Le nuove prove contro Donald Trump sugli eventi del 6 gennaio 2021
Secondo l'accusa dimostrerebbero che agì come privato cittadino, e che quindi debba essere processato nonostante le recenti decisioni della Corte Suprema
Mercoledì la giudice Tanya Chutkan della Corte distrettuale federale di Washington ha reso pubbliche varie parti di un nuovo report sul comportamento di Donald Trump durante l’assalto al Congresso degli Stati Uniti da parte dei suoi sostenitori, il 6 gennaio 2021.
Il rapporto è stato redatto da Jack Smith, un consulente speciale del dipartimento di Giustizia su richiesta dell’accusa: dimostrerebbe che Trump quel giorno agì come privato cittadino e non nella sua funzione di presidente degli Stati Uniti, e che quindi può essere processato per le sue azioni, compatibilmente con quanto deciso lo scorso luglio dalla Corte Suprema in merito all’immunità penale dei presidenti.
Trump è stato accusato di aver avuto un ruolo attivo nell’assalto al Congresso, che era stato organizzato per fermare la certificazione della vittoria di Joe Biden contro Trump alle elezioni presidenziali del 2020. A luglio però una sentenza della Corte Suprema aveva stabilito che i presidenti hanno diritto a una parziale immunità nell’esercizio delle loro funzioni e non possono essere processati per i loro atti ufficiali. La decisione era stata criticata perché rende di fatto molto più difficile processare Trump per l’attacco al Congresso, dato che al tempo lui era presidente.
Il rapporto di Smith ripercorre gli eventi di quel periodo e contiene nuove informazioni su quello che Trump avrebbe detto e fatto prima e durante l’assalto al Congresso. Tra le altre cose, il rapporto sostiene che, mentre l’assalto era in corso, un assistente avrebbe avvertito Trump del fatto che i suoi sostenitori erano entrati nel Congresso e che il suo vicepresidente Mike Pence, che si trovava nell’edificio, era in pericolo.
L’avvertimento era stato dato nella speranza che Trump facesse un appello ai suoi sostenitori per fermarsi, invece Trump avrebbe solo risposto: «E allora?» e sarebbe tornato a guardare la tv. In quel momento Trump ce l’aveva con Pence, che nonostante fosse il suo vicepresidente aveva scelto di seguire la legge e certificare la vittoria di Biden.
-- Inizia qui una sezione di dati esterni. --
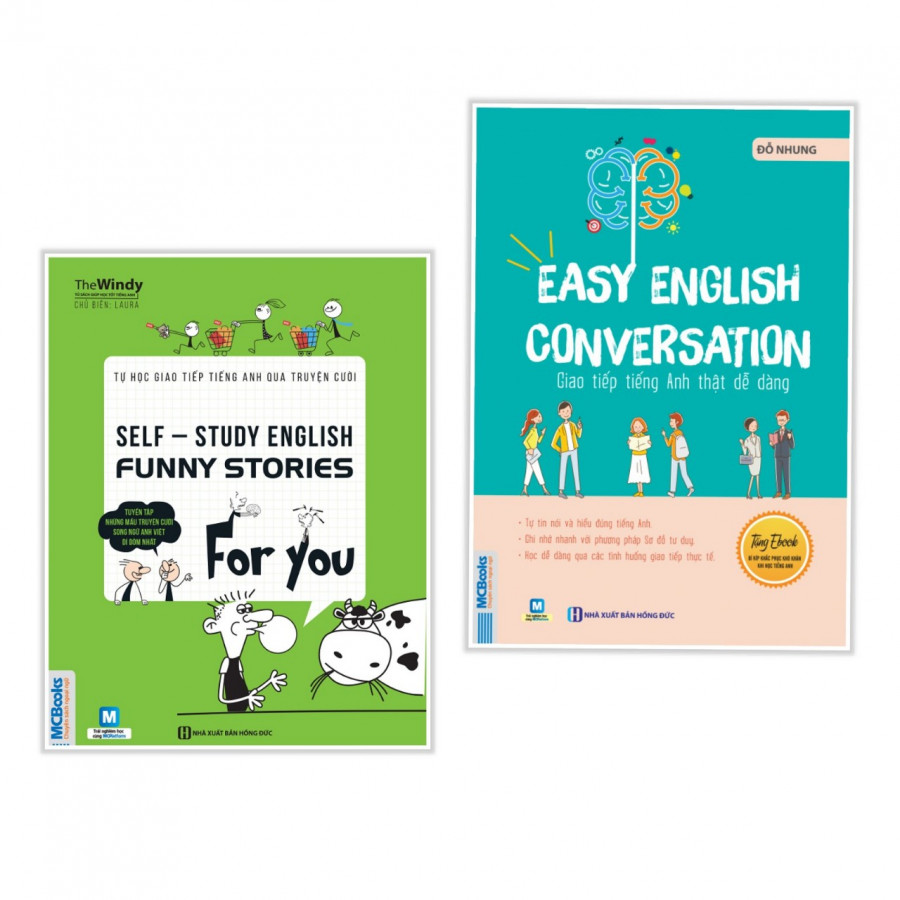 Combo 2 cuốn  Tự Học Giao Tiếp Tiếng Anh Qua Truyện Cười+Giao Tiếp Tiếng Anh Thật Dễ Dàng ( Tặng kèm bookmark thiết kế)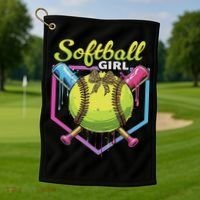 Softball Drip Ice Cream Drip Softball Girl Bow Golf Towel thumb 1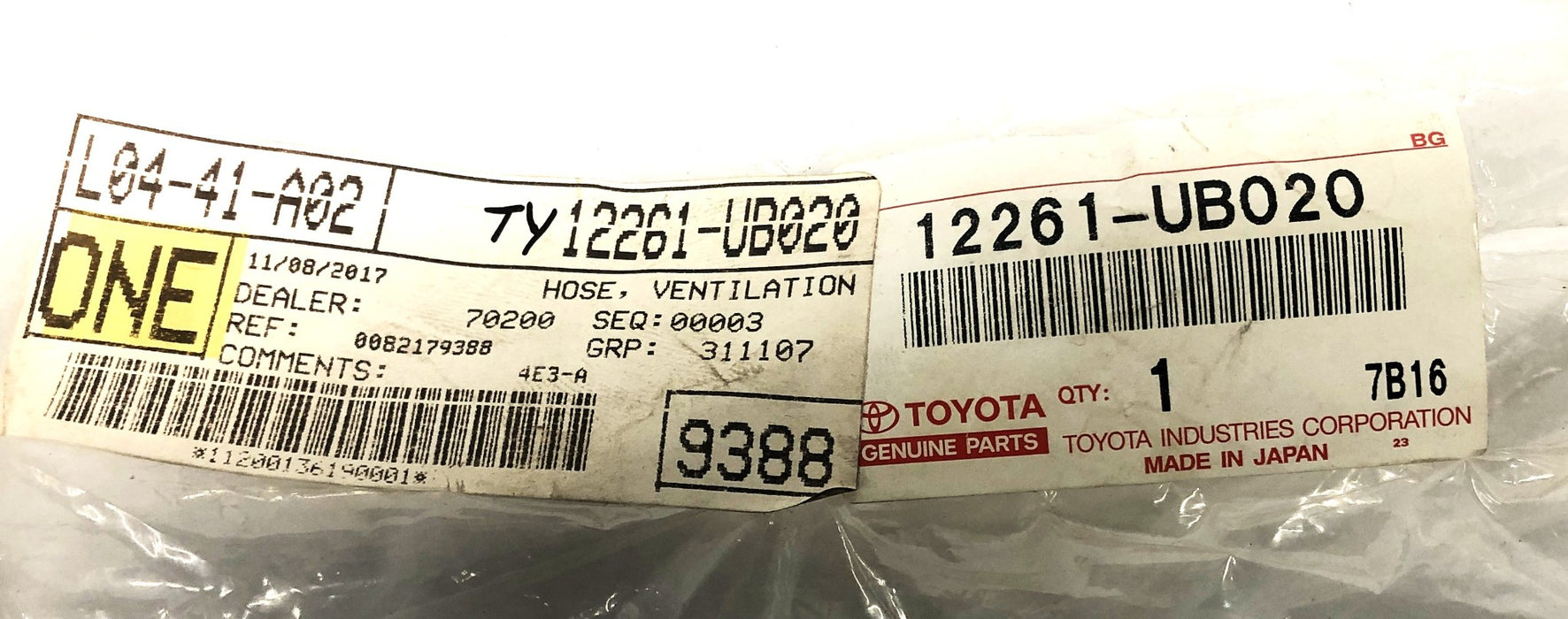 Toyota Ventilation Hose 12261-UB020 NOS
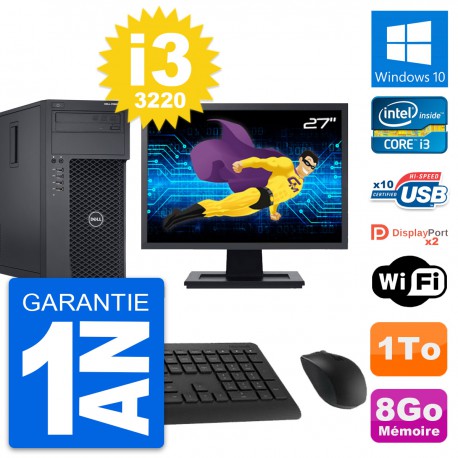 PC Tour Dell T1650 MT Ecran 27" Intel i3-3220 RAM 8Go Disque 1To Windows 10 Wifi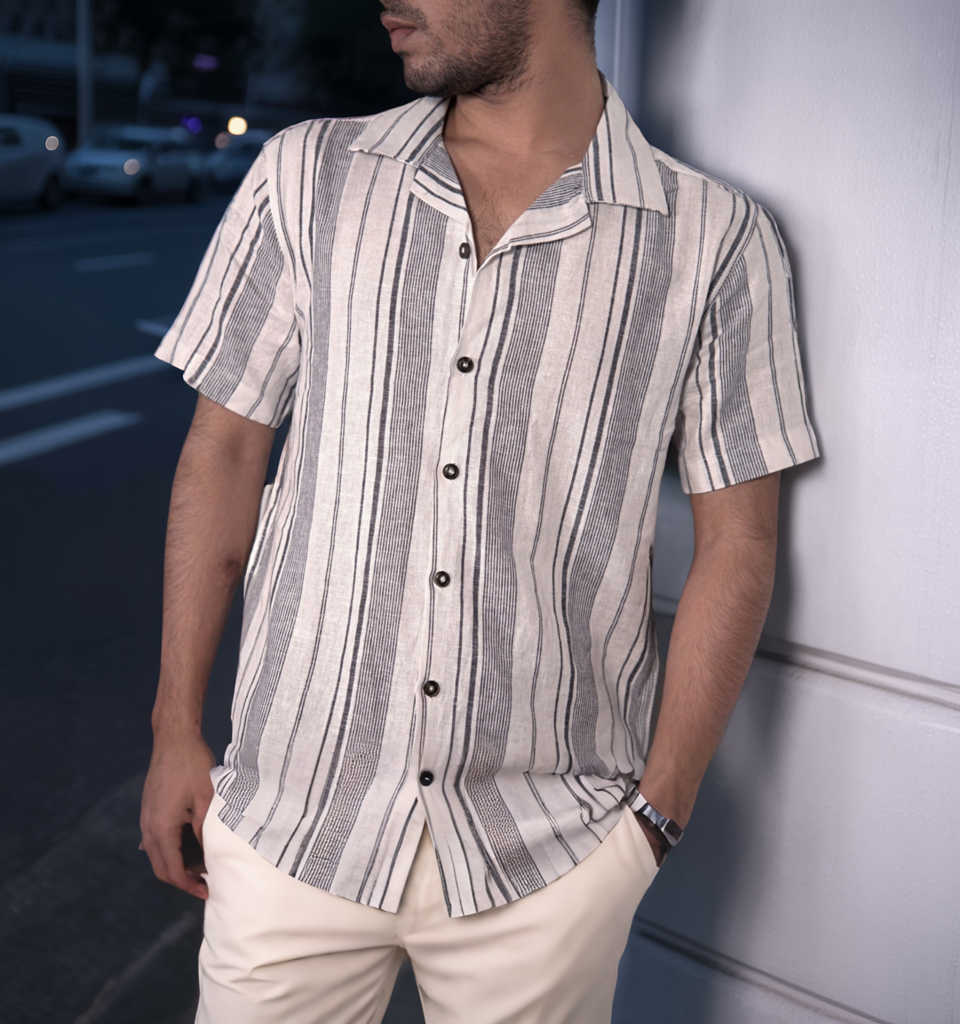 Premium Men's Cuban Collar Shirt – white | Summer Friendly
Il rapporto contiene molti altri episodi di questo tipo: durante un pranzo fra Trump e Pence avvenuto a metà novembre 2020 quest’ultimo gli avrebbe consigliato di accettare la sconfitta e pensare a ricandidarsi nel 2024, ma Trump avrebbe detto «non lo so, il 2024 è così lontano». In un’altra occasione, un assistente avrebbe sentito Trump dire ad alcuni membri della sua famiglia «Non importa se hai vinto o perso le elezioni. Devi comunque lottare come un dannato». Vengono inoltre citate tutte le volte in cui Trump avrebbe fatto pressione sui funzionari degli stati in bilico in cui aveva perso (tra cui la Georgia) per ribaltare il risultato, senza successo.
Secondo l’accusa, in tutti quei momenti Trump non stava agendo in qualità di presidente, ma come un candidato che aveva perso le elezioni e non voleva accettare la sconfitta. Per questo motivo, sostengono, a Trump non dovrebbe essere garantita l’immunità prevista dalla Corte Suprema, e il processo dovrebbe andare avanti.
Al momento non è stata fissata la data della prima udienza, ed è molto improbabile che succeda prima delle elezioni presidenziali, che si terranno il prossimo 5 novembre (tra circa un mese). Secondo gli avvocati di Trump la pubblicazione del report è stata una mossa politica fatta per danneggiarlo a poche settimane dal voto, mentre l’accusa sostiene che la questione debba essere risolta il prima possibile, dato che se Trump vincesse di nuovo è molto probabile che ordinerà al dipartimento di Giustizia di chiudere il caso.